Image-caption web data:

•••••

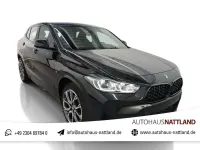 Gebraucht BMW X2 Performance 178 PS (130 kW) 2021 Black sapphire SUV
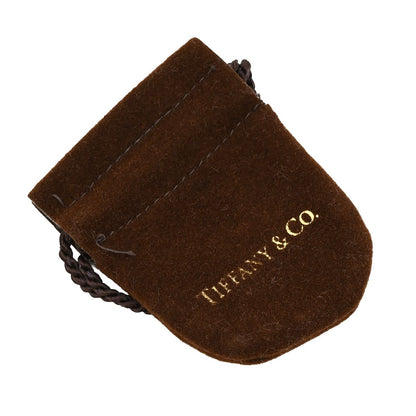 Tiffany & Co Ring Open Heart Yellow Gold Elsa Peretti — view 8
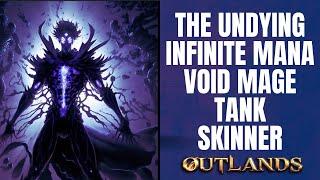 Infinite Mana Void/Arcane Mage Tank Skinner (UO OUTLANDS)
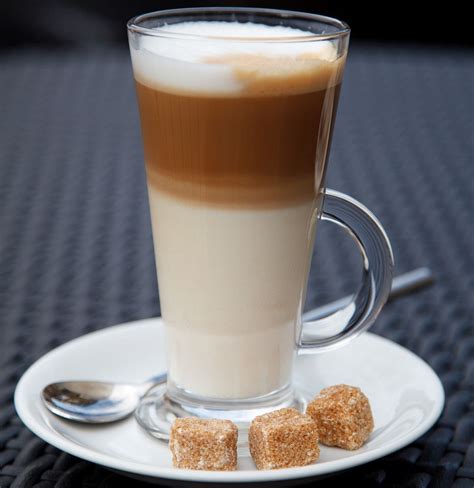 Espresso-Based Beverages - Latte | Brew Espresso Coffee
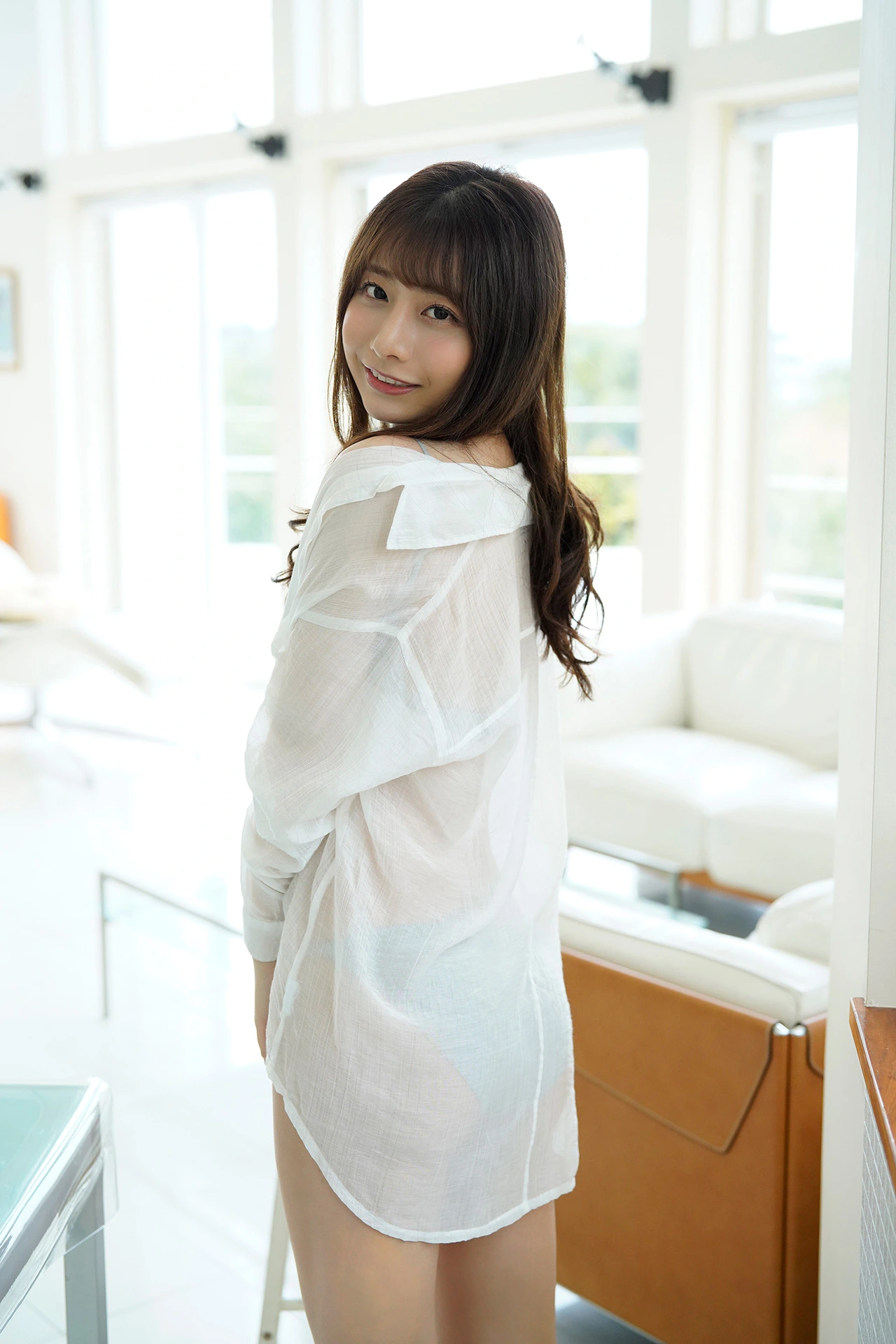 Yuka Suzuki 鈴木優香, FLASHデジタル写真集 「スキャンダルFカップ Vol.02」 7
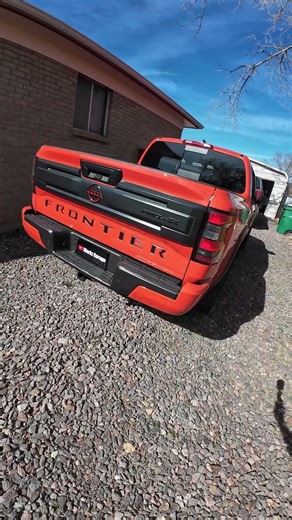 Transform Your Gen III Frontier: Tailgate Letter Inlays Installation!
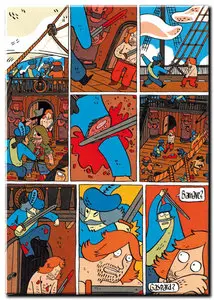 Wouzit - Le Grand Rouge - One Shot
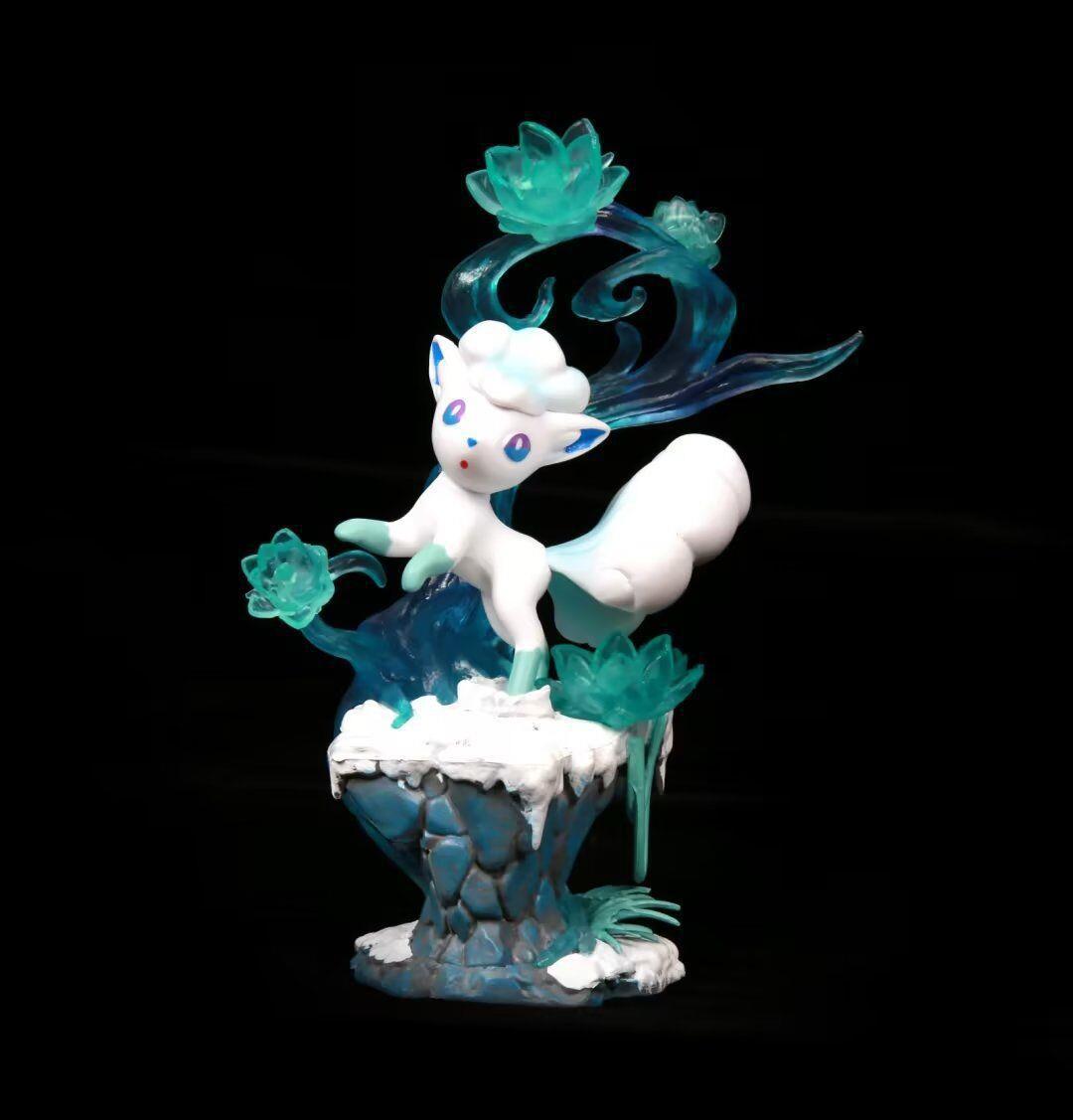 Pokemon anime figure 15cm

•••••

• **Task objective**
Write out the lines beginning at the line with "Transform Your Gen" and ending at the last line of the entries. Include no pictures.

• **Exercise response**
 Transform Your Gen III Frontier: Tailgate Letter Inlays Installation!
 Wouzit - Le Grand Rouge - One Shot
 Pokemon anime figure 15cm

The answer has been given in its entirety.